As Twitter is invaded by the masses and loses its cool, experienced users are parading their know-how by littering tweets with increasingly arcane codes: RT for re-tweet of course, L: for location and # for hash-tagging a post with a topical or popular word – #iphone or #lost for example.
Some of this is the simple fun of working within short sentences – the Twitter equivalent of OMG! txt spk – but I think hashtags mean something more.
Hashtags allow people to join a virtual club easily and temporarily. And to leave it just as quickly. People can just dive into a conversation, make a pithy observation about the #brits and dive right out again. No need to subscribe to an email list, no forms to fill in, no facebook group to join. It can be a no-complications, one-tweet stand.
They are perfectly suited for an world where attention is ever-more scarce and people are wary of sharing personal data. But they’re also wonderful fun – the ideas flitting in and out of existence in perfect harmony with their true value and popularity.

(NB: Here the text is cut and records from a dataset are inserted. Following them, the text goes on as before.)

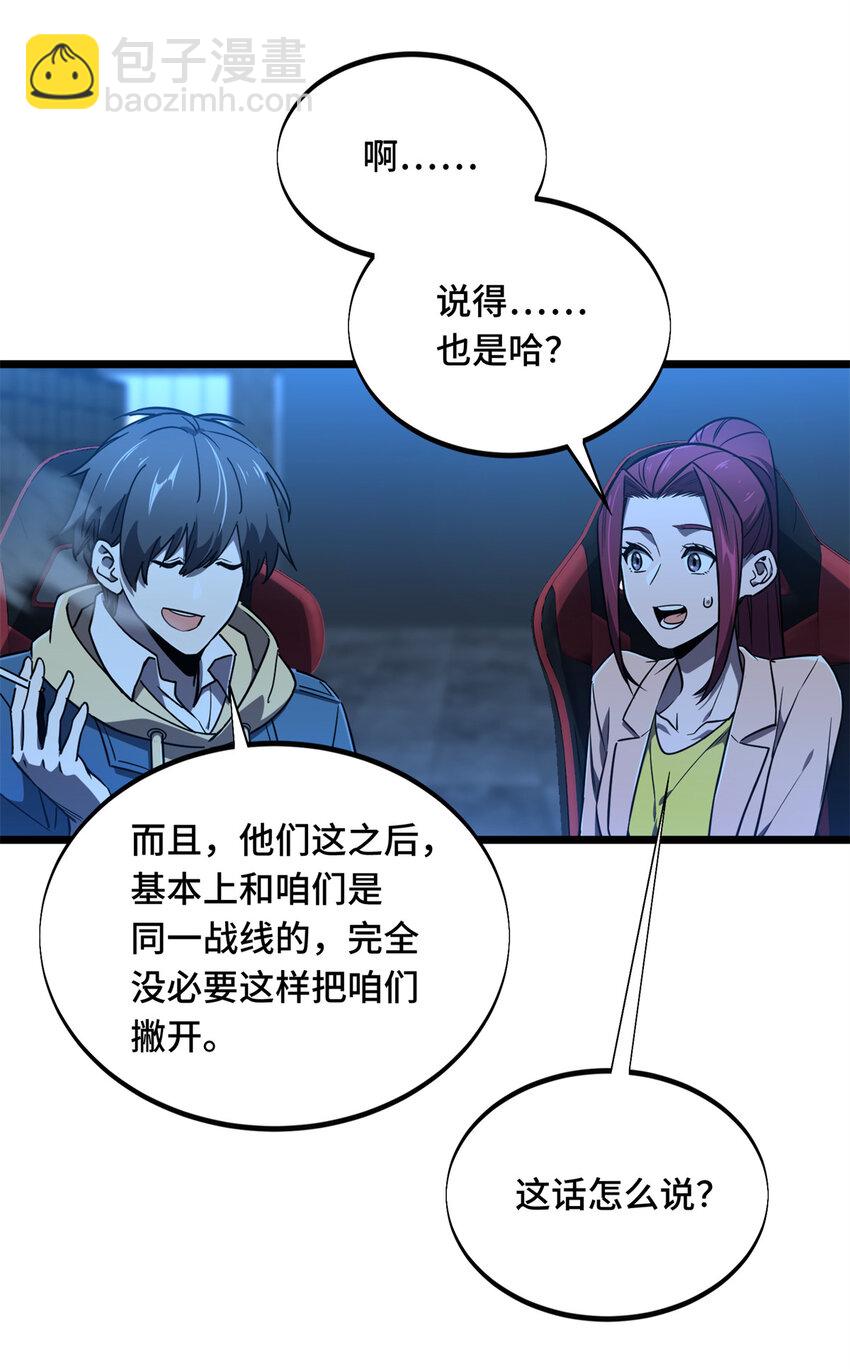 141 神秘的逐烟霞-第148话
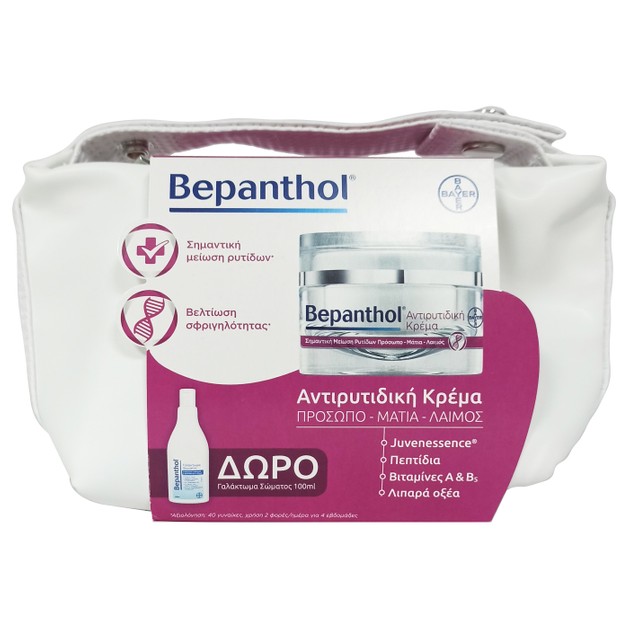 Bepanthol Πακέτο Προσφοράς Face Cream Αντιρυτιδική Κρέμα 50ml & Δώρο Γαλάκτωμα Σώματος 100ml & Τσαντάκι Bepanthol Πακέτο Προσφοράς Face Cream Αντιρυτιδική Κρέμα 50ml & Δώρο Γαλάκτωμα Σώματος 100ml & Τσαντάκι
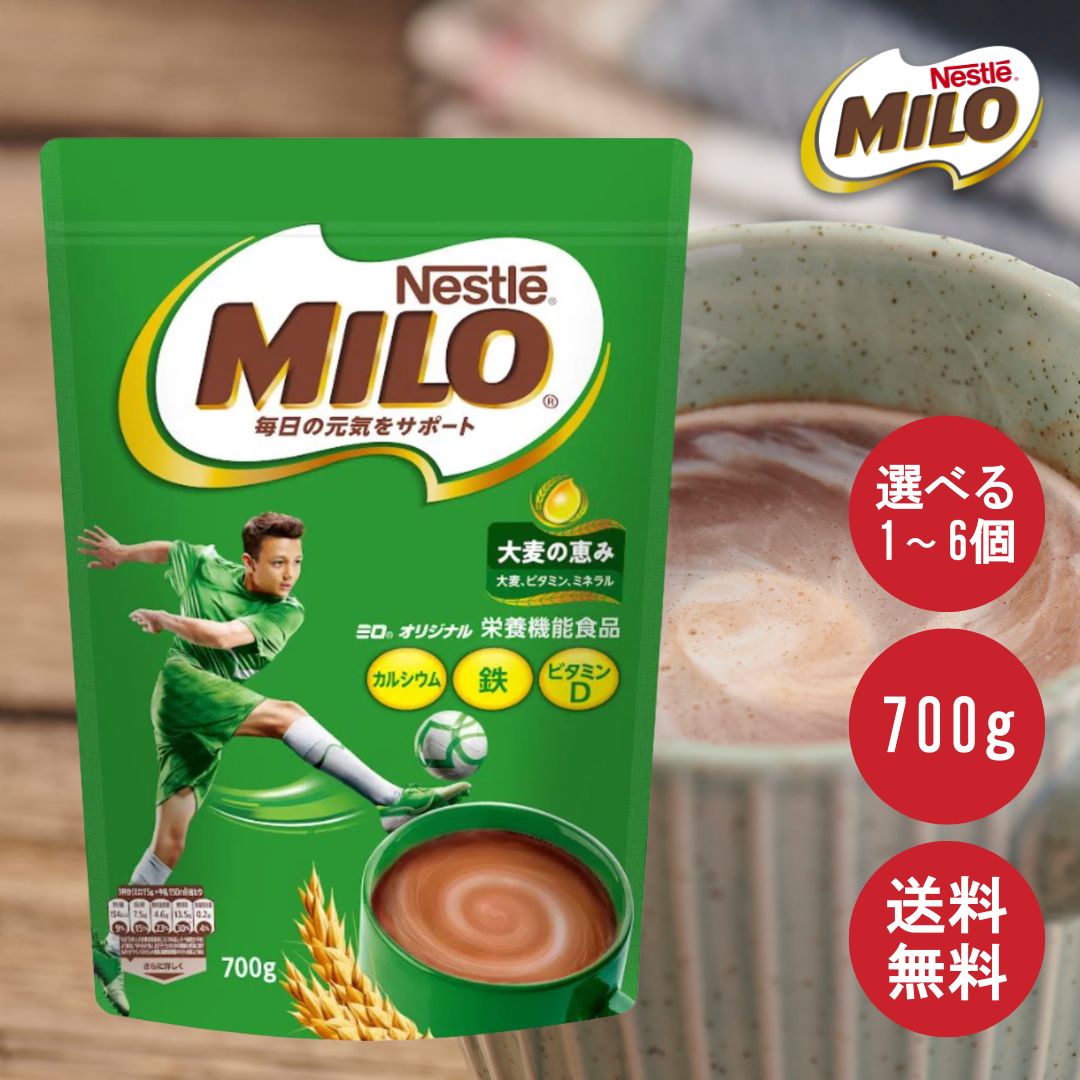 楽天市場】ネスレ ミロ MILO 大容量 700g入り Nestle MILO : ペット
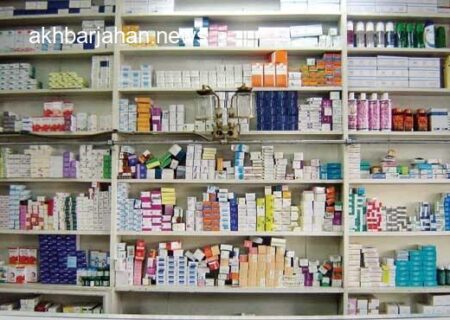 فروش دارو بدون مجوز پزشک؛ مخاطرات و پیامدها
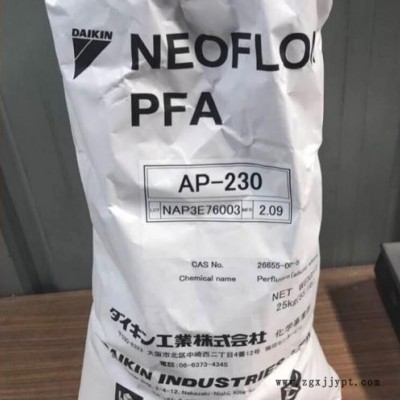 擠出級(jí) PFA 日本大金 AP-210AS 耐高溫 PFA注塑級(jí)  半透 塑膠原料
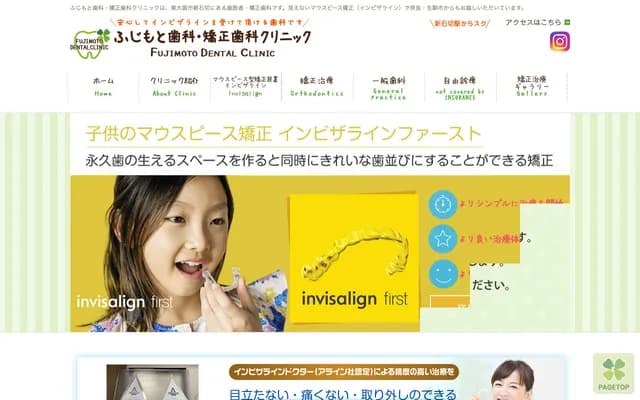 Fujimoto Dental & Orthodontics Clinic - 3-3-26 Nishiishikiricho, Higashiosaka, Osaka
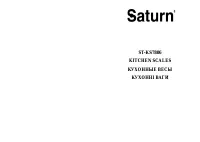 Saturn ST-KS7806
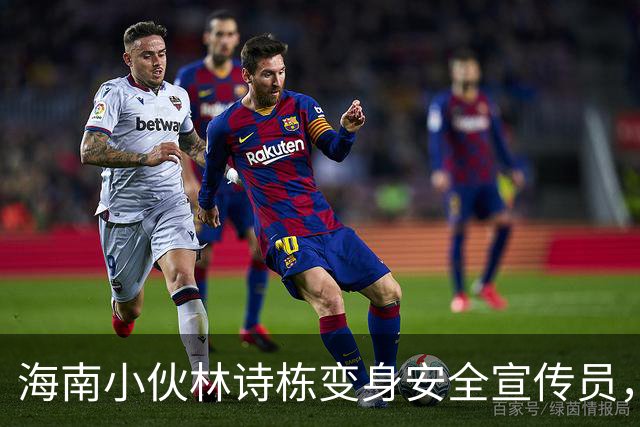 海南小伙林诗栋变身安全宣传员，倡导国庆出行注意安全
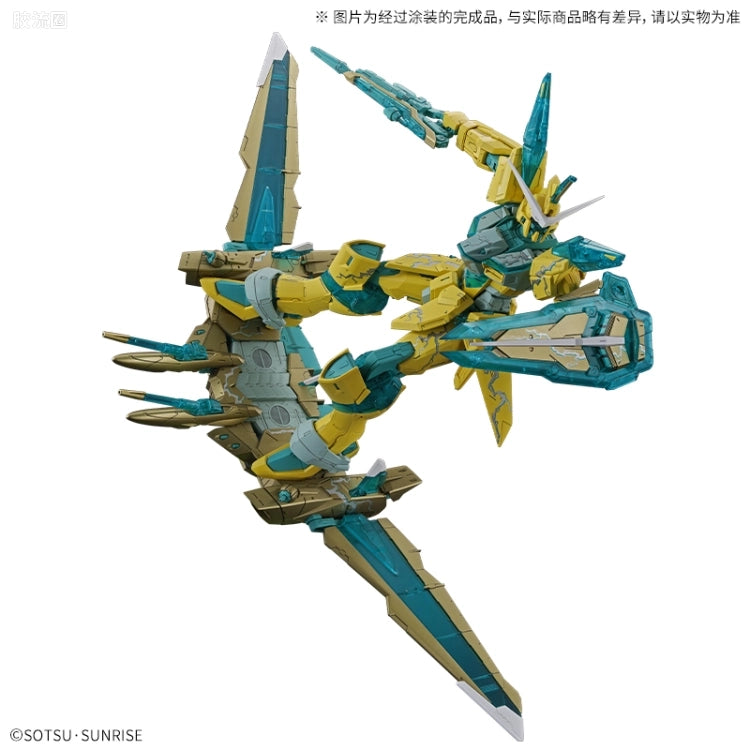 P-Bandai MG 1/100 ZGMF-X09A Justice Gundam [Cross Contrast Colors / Clear Yellow]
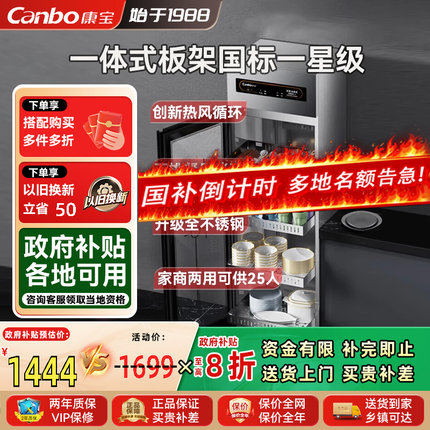 康宝立式XDZ300-CR4A1商用消毒柜大容量饭店碗筷碗柜国标星际消毒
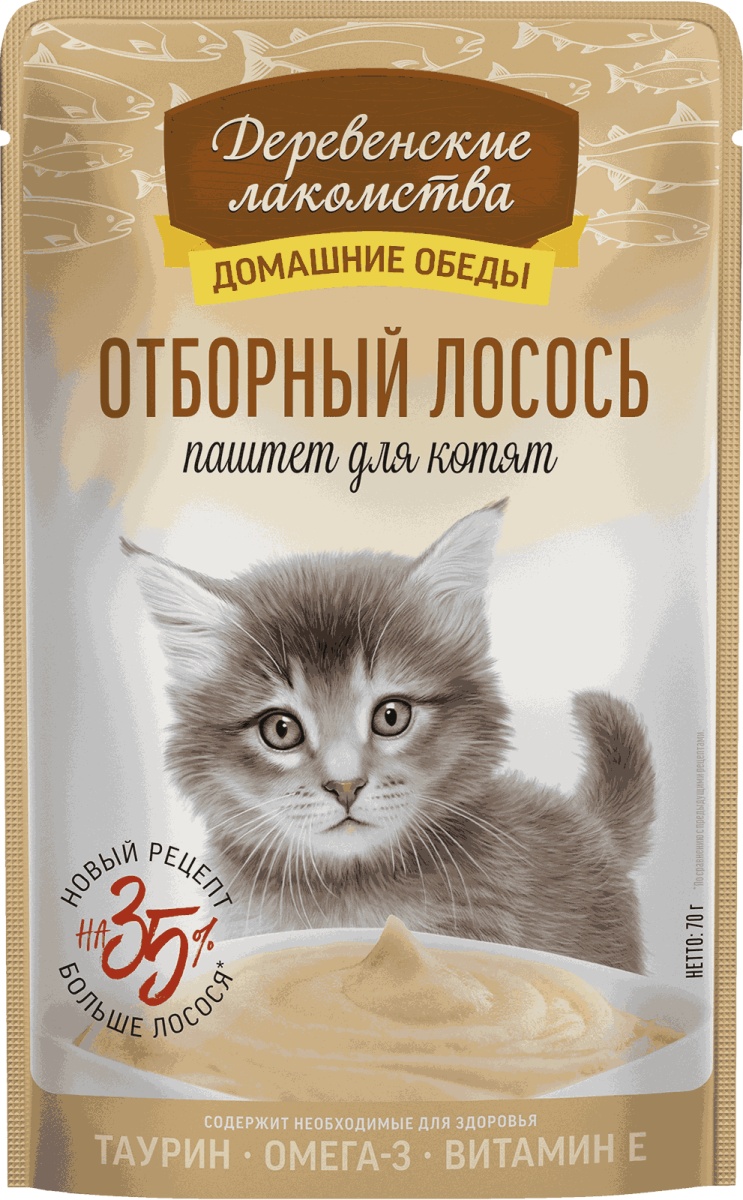 Деревенские Лакомства Отборный лосось паштет пауч для котят 70 г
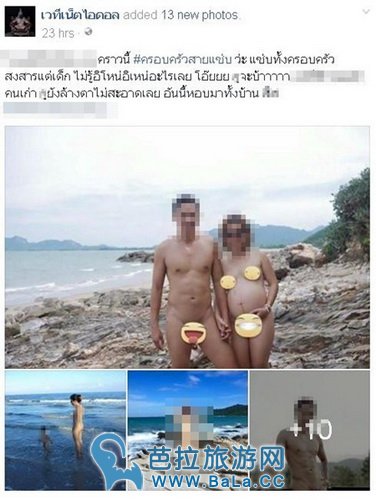 泰国“天体家族”裸体照片外流英法热议
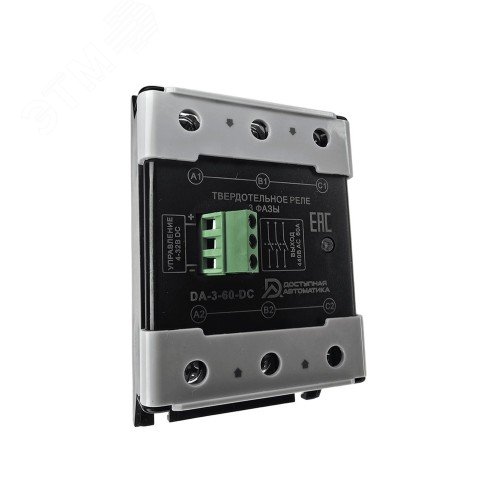 Изображение товара Твердотельное реле 3 фазы 24-440В AC 60А, управление 4-32В DC (шт)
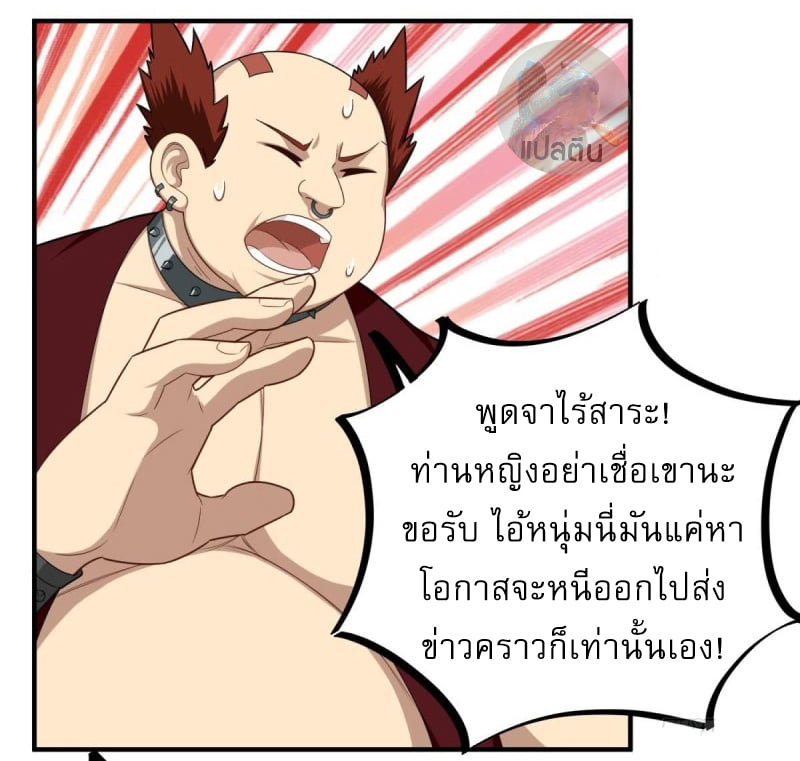 การเกิดใหม่ของราชวงศ์ถัง ตอนที่ 50 หน้า 12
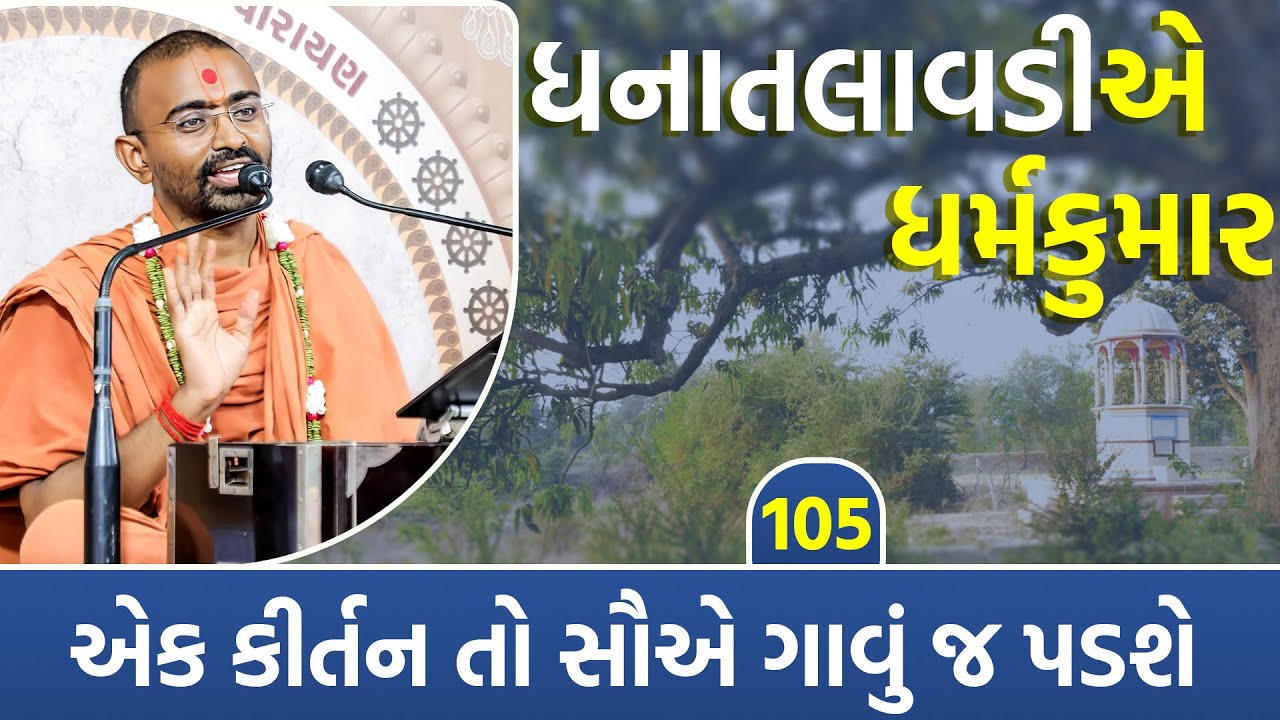 ધના તલાવડીએ ધર્મકુમાર l Vadtallila katha l E- 105 l Pu. Mangal Swami 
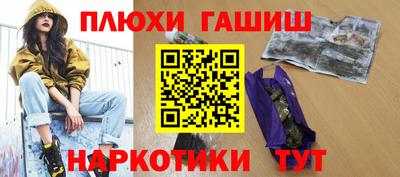 ПСИЛОЦИБИНОВЫЕ ГРИБЫ Жуковский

They’re hashmemes if you like.
Right now #oscars is in vogue but once the red carpet is rolled back up, it’ll disappear as a living idea until the next time enough of us shine a torch on it.
Hashtags.org allows anyone to see what’s hot at any moment, and even includes graphs describing most hashmemes’ beautifully short lifespans.
Marketers have to work pretty hard to jump on such fast-moving bandwagons. Indeed the only way to do it is to keep running. Only if you’re already up to speed with the conversation can you expect your brand to contribute something useful and credible.